Vincent Steckler

4 August 2009

Can you Trust Free Anti-Virus?

I ran across an interesting article the other day that questions whether a user can rely upon free anti-virus: http://tech.blorge.com/Structure:%20/2009/07/04/symantec-its-dangerous-to-rely-on-free-antivirus/. The source of the quotes in the article is of course one of the big paid anti-virus companies. And it erroneously concludes that free products cannot be trusted, are not sufficient, etc. But then again why should a firm that makes a billion dollars a year off of paid anti-virus conclude that a free anti-virus product is good…..

The article does make very good points about what is needed in a security product. Its only error is in concluding that a free product does not provide these capabilities. So, here are the points the article makes and why they are wrong (at least for avast):

  1. Free antivirus does not provide the protection to avoid identity theft. This is wrong. Malware focused on stealing identity information is just malware. In principle it is not any different from malware focused on hijacking your computer, deleting your data, etc. There is really no difference in detecting this malware. Avast's ability to detect malware is unquestioned and is always at or near the top of malware detection tests. Talking about identity theft here is just marketing hype. Users are rightfully concerned about protecting their identity information. But, we and everyone else do that by protecting the user against malware. Unlike others we just don't hype it…..maybe we should.
  2. There is a big gap between what free antivirus protects against and the current threat landscape. This is wrong. The spokesperson is wrongly assuming that antivirus products do the same as what they did 10 years ago. In those days, an antivirus product looked at an executable file (exe) and based on some mathematics (e.g. signature) decided whether it was a virus. This approach is not very useful these days. Instead one needs what is called "defense in depth". One must catch the infection much earlier. These days the most common way of getting infected is over the web—by browsing web pages that are dirty or hijacked. Detecting these infections is one of the things that avast excels at. Our free product protects not only against the execution of malware but we also have heuristic detections, un-matched detections of infected java scripts, web shields, and behavior detections. This is at least equal, and sometimes better, than what is available in a paid product.
  3. Attackers are targeting legitimate websites…..implying that free antivirus in ineffective in these situations. This is wrong. While the statement that attackers are targeting legitimate websites is correct, the implication that only a paid product can protect against this scenario is absolutely wrong. In fact, I would be willing to bet that our free product provides as good or better protection against this scenario than any of the paid products.
  4. Antivirus should be a last defense. This statement is true in a technical sense. The spokesperson is using the very strict definition of antivirus that I described in point #2 above. But the fact is with avast there are many layers of defense and the strict definition of antivirus is in fact the last layer.
  5. Free antivirus may not protect against drive by downloads that target the browser or browser plug-ins. This is wrong. Avast provides just as much protection, if not more, against these threats as the major paid products. The vast majority of threats we currently see are of this type—they are typically java script infections on web pages. Here we believe no one does a better job of detecting these threats than us.
  6. Free antivirus only provides the last layer of defense and that is inadequate. This is wrong. Avast provides all the layers that the paid products provide.
  7. Free antivirus firms don't have the resources to stay on top of all the security threats. This is wrong. Companies do not scale their security research based on their revenue or number of users. I would bet our security research organization is of a similar size to that of the large paid providers. Our success in published malware detection tests show that we are just as good, if not better, than the paid providers. Instead, what the paid firms scale up is their marketing and sales organizations. While those firms may have hundreds of people in their marketing and sales organizations, we have just a few.
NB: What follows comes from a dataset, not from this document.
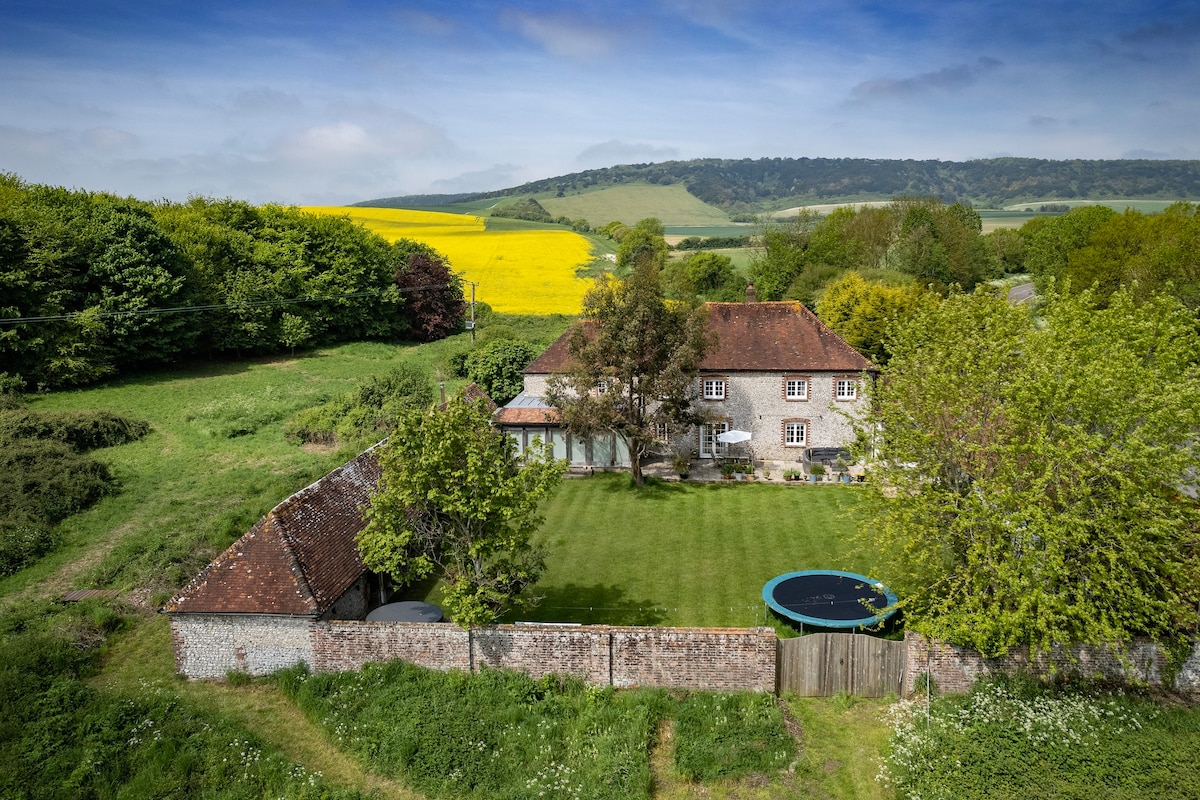 Beautiful Flint Farmhouse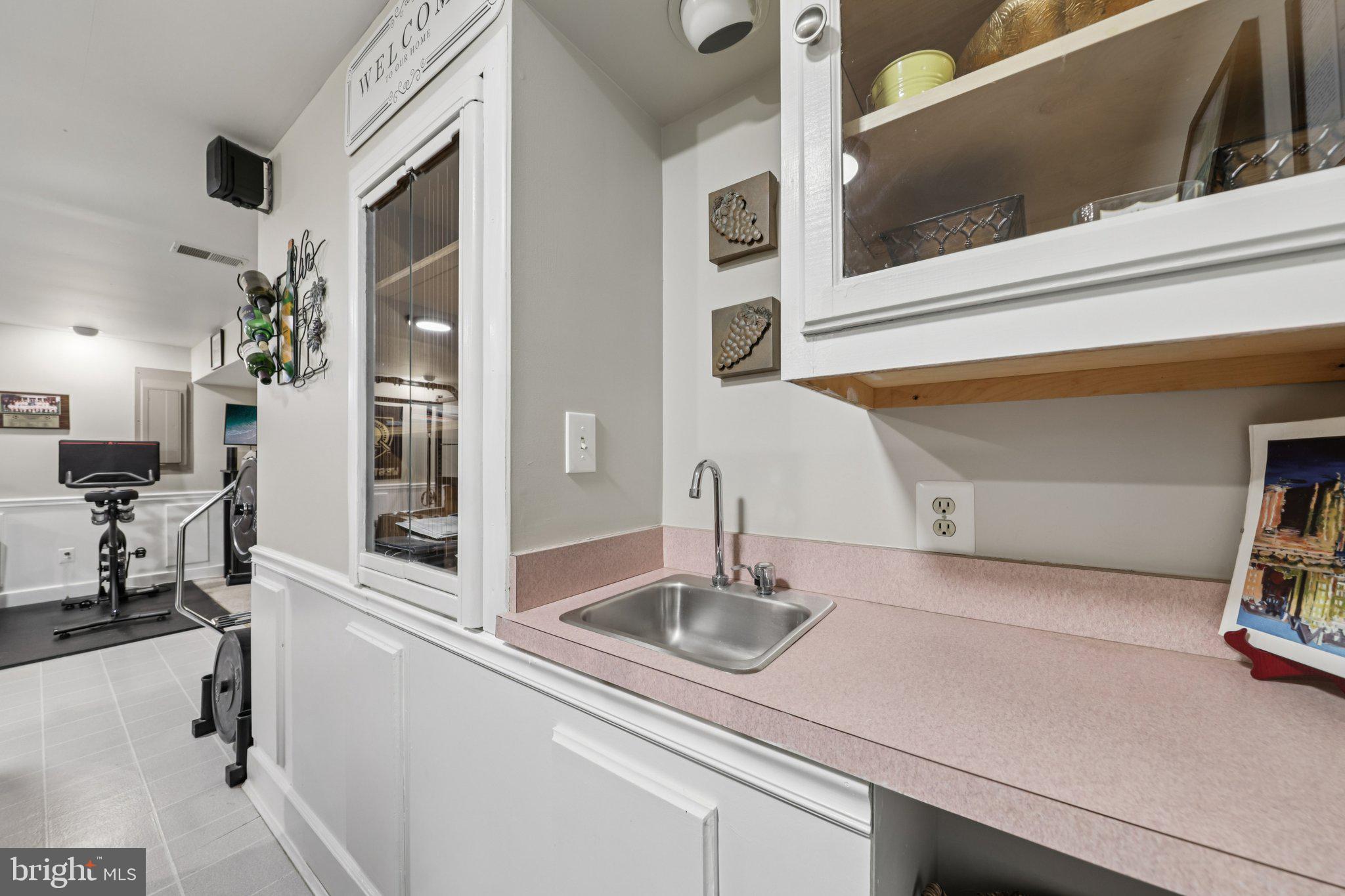 LONGWOOD ESTATES - Residential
Now of course we do have a free and a paid product. And as I described in another posting, we are not entirely altruistic in providing the free product. But the free product is in fact very, very good. For many, if not most users it is perfectly sufficient. Our paid version does have some additional features—but the core security protection is very similar. Our upcoming Version 5 will also have additional features. But we do believe all users should have access to top notch security even if they can't or won't pay for it. That is why we have the free product.

So, don't worry that paid security companies claim your free protection is not good enough. It is.